Input data:
• • • • • • •

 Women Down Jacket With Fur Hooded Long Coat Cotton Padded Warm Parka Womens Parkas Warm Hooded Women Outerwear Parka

• • • • • • •

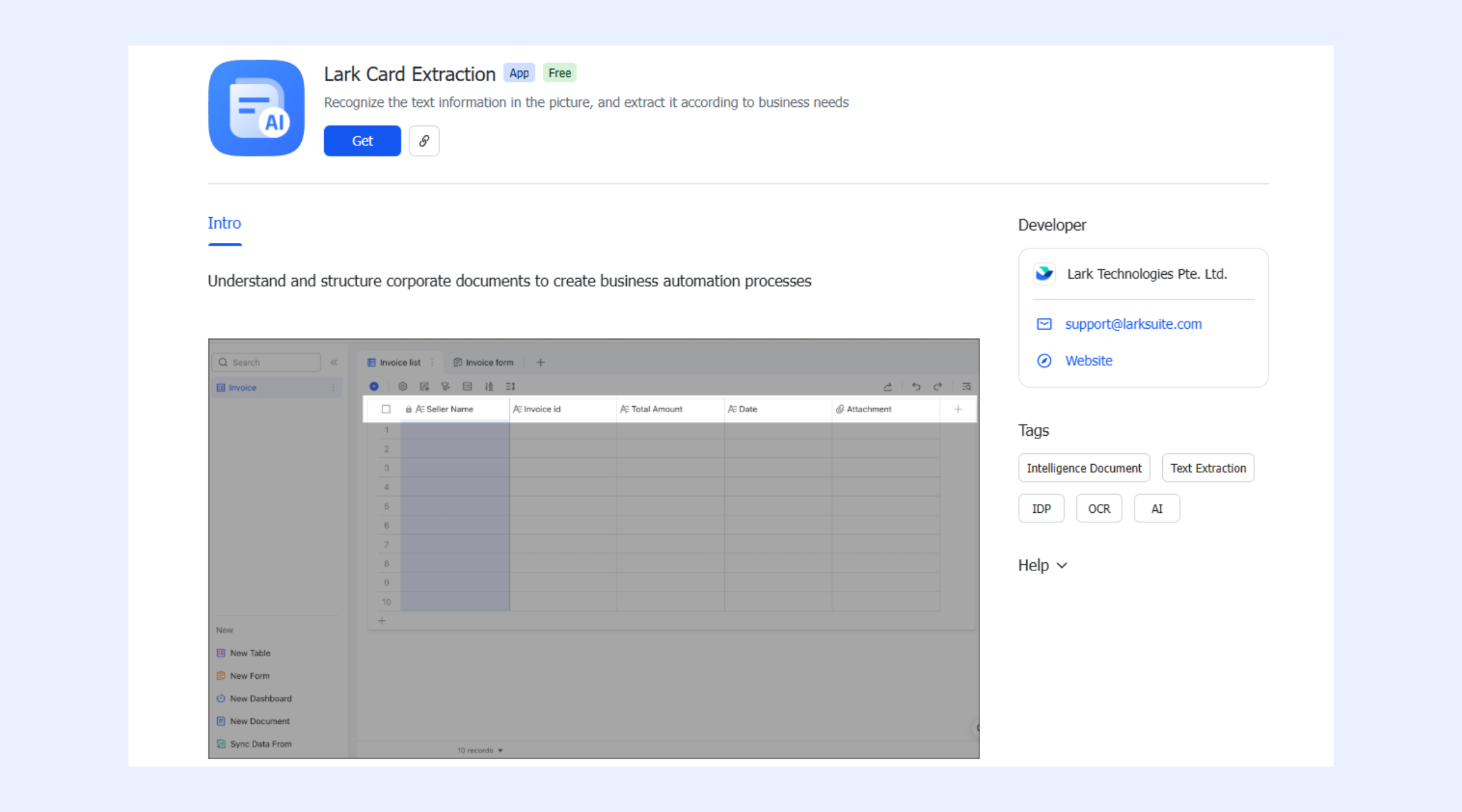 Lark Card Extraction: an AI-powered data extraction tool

• • • • • • •

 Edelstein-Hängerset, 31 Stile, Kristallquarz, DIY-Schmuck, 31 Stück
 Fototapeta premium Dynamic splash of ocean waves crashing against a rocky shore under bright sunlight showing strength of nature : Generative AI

• • • • • • •

Action item: Within the data above, the lines from the one with "Edelstein-Hängerset, 31 Stile, Kristallquarz, DIY-Schmuck, 31" to the one with "Fototapeta premium Dynamic" must be repeated exactly; no other line belongs in the answer.

Solution:
 Edelstein-Hängerset, 31 Stile, Kristallquarz, DIY-Schmuck, 31 Stück
 Fototapeta premium Dynamic splash of ocean waves crashing against a rocky shore under bright sunlight showing strength of nature : Generative AI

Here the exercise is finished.